-- Records to process follows --

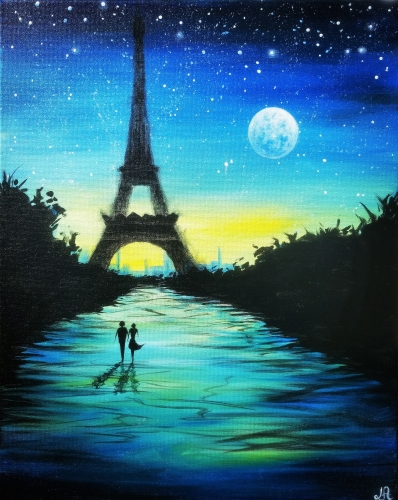 A Moonlit Night In Paris paint nite project by Yaymaker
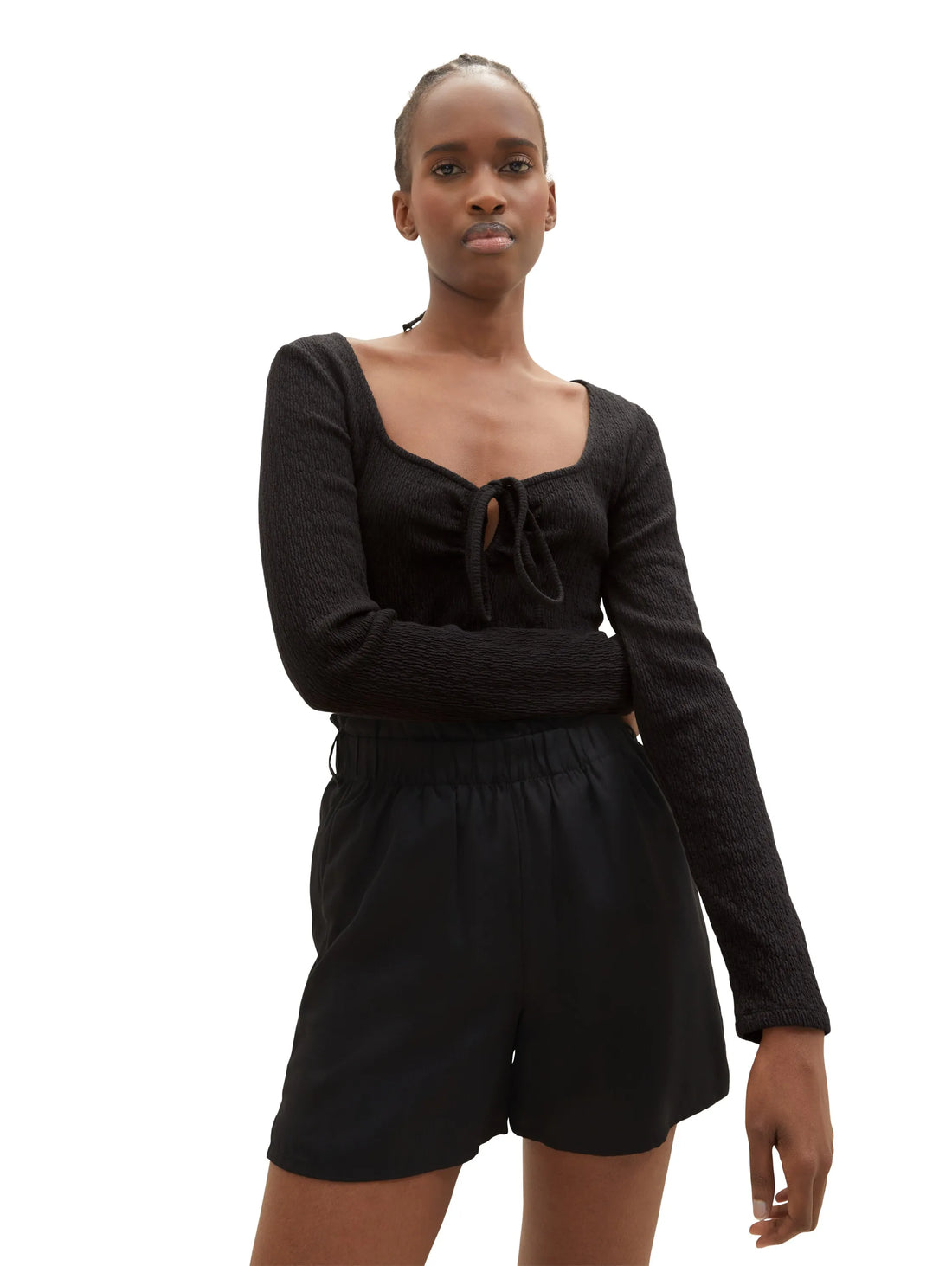 Denim Tom Tailor Deep Black Women Textured Long-Sleeved Shirt SKU: 1035870_14482 Image 01
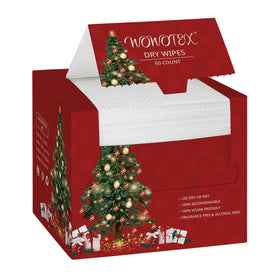 WOWOTEX front box Christmas style packaging showing 60-count and size benefits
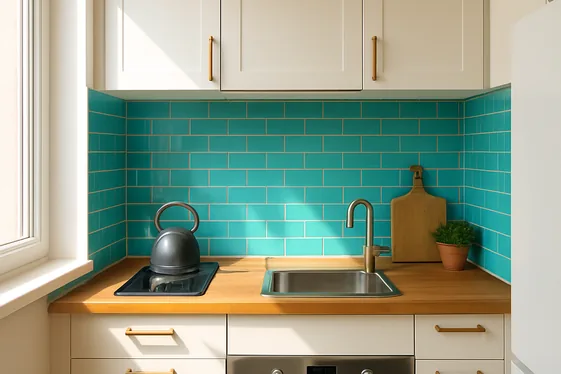 Turquoise Glass Tiles to Brighten Small Kitchens illustration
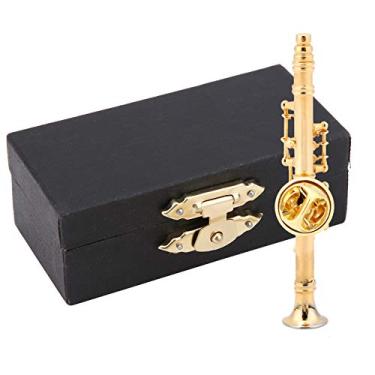 Imagem de Broche de clarinete banhado a ouro broche de instrumento musical com caixa de presente instrumento musical em miniatura feminino broches elegantes para homem e mulher em miniatura instrumento musical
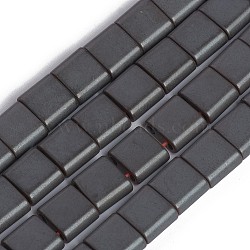 Non-magnetic Synthetic Hematite Multi-Strand Links, Frosted, Two-Hole, Square, 6x6.5x3mm, Hole: 1.4mm, about 68pcs/strand, 15.82 inch(40.2cm)(G-I273-03)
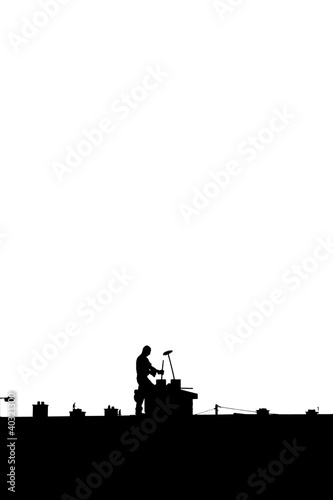 chimney sweep silhouette on the rooftop against white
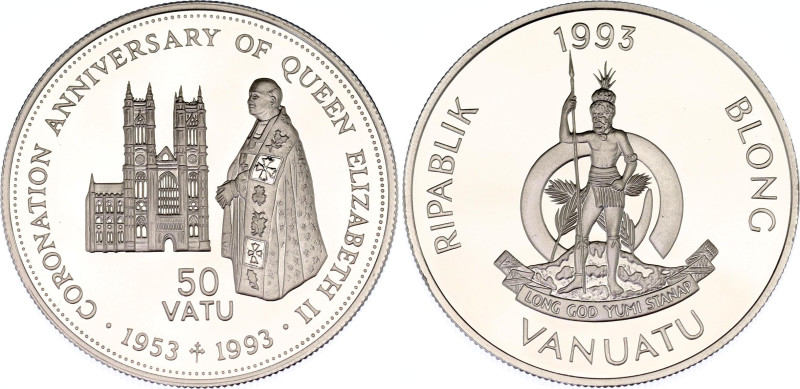 Vanuatu 50 Vatu 1993
KM# 15; N# 45981; Silver; Coronation Anniversary of Queen ...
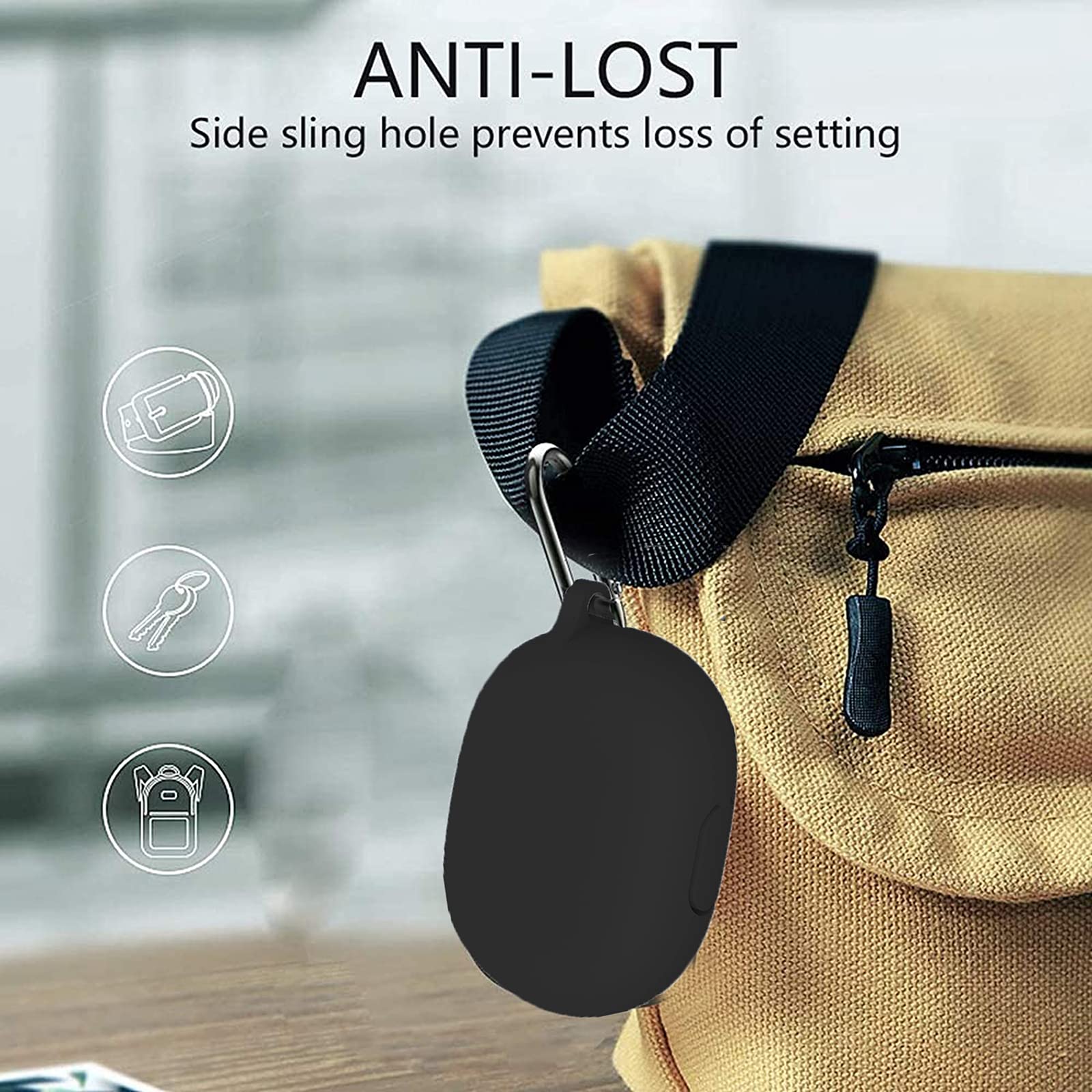 Foto 6 pulgar | Funda Para Lamshaw Soundcore Life P3 Tpu Con Llavero, Color Negro - Venta Internacional.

-- Records to process concluded --

Work to complete:
Please reproduce, exactly and only, the lines from the line containing "Vanuatu 50 Vatu 1993" through the last line of the material above, minus any pictures.

Task answer:
 Vanuatu 50 Vatu 1993
KM# 15; N# 45981; Silver; Coronation Anniversary of Queen ...
 Foto 6 pulgar | Funda Para Lamshaw Soundcore Life P3 Tpu Con Llavero, Color Negro - Venta Internacional.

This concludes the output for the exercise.